Teneffüste koridordaki kaloriferlerden birine yaslanmış, Duru’yla sohbet ediyorduk. Ona başıma gelen şeyi anlattığımda bana inanmadı. Zaten inanacağına ihtimal vermemiştim. “Günlük tuttuğunu bilmiyordum,” dedi beni dinledikten sonra. Bazen boşluğa konuşuyormuş gibi hissediyordum.
“Öyle değil işte!” dedim hiddetle. “Çok yakın tarihte olanlar da yazıyordu. Ne yazık ki okumayı bitiremedim. En son gün ağırmak üzereydi. Annem tüm geceyi ayakta geçirdiğimi görseydi…” Kaygılandım. “Sence peşimde biri olabilir mi? Ama bu daha korkunç. İlkokul yıllarımdan da bahsediyordu.”
Bir süre düşündü. “Eğer dediğin gibiyse geçmişini araştırmıştır. Kitap yanında mı?”
“Evde bıraktım. Yatağın üstünde.” Duru şüpheci bir bakış attı bana.
“Sabah kontrol ettin mi? Belki rüyadır.”
“Eminim,” dedim tereddütle. Duru beni teselli etmek ister gibi sesini yumuşattı.

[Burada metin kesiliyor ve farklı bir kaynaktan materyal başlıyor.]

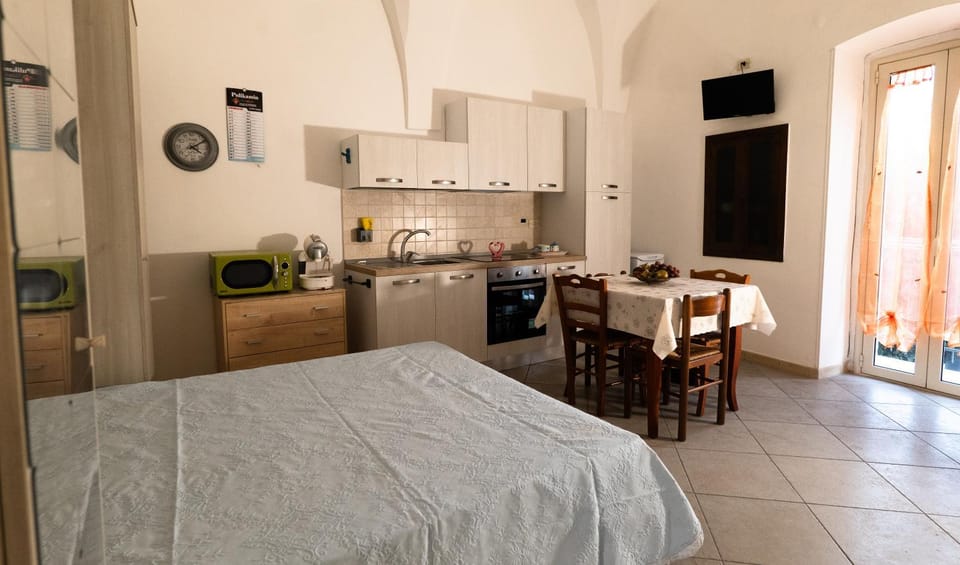 Monolocale finemente ristrutturato Apartment in Ostuni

“Kafanı takma boş ver.” Bambaşka bir şey anlatmaya başladığında hayretle bakakaldım. “Deneme sınavında üçüncü olmuşum. Şubede. Genelde ilk ona girmişim. O kadar sevindim ki… Çalışmalarım karşılığını veriyor sonunda. Böyle giderse mezuna kalmadan iyi bir üniversiteye yerleşebilirim. Şehir dışı yazmazsam araba bile aldırabilirim bizimkilere.”
“Duru…”
Sözümü kesti. “Uçuk bir hayal tabii. Telefonum eskimişti. Belki onu değiştirirler. Her türlü şu dönemi atlatıp bitirmek istiyorum. Saçımı kestirsem mi? Sabah saatlerimi alıyor.” Özenle baktığı sarı kıvırcık saçlarını parmağına doladı.
“Tüm havan saçlarında.”
“Çağrı da öyle dedi.” Huzursuzluğumdan keyif alırmış gibi bir hali vardı. “Senin gibi düşünüyor demek ki. Ondan iltifat almak zor biliyorsun.”
Sessiz kalmak yerine kavga etsem içime dert olmazdı. Ne var ki sınav senemde bir arkadaşımla aramı bozmaktan çekiniyordum. Duru’nun sınıftakilerle arası iyiydi. Olası bir kavgada diğerlerini benden uzaklaştırıp tüm dengemi altüst ederdi. Daha önce de yapmıştı. İlkokuldan beri kendimi ona göre ayarlıyordum. Üstüne Çağrı da eklenmişti. Biri bir taraftan diğeri öbür taraftan çekiştirip duruyordu.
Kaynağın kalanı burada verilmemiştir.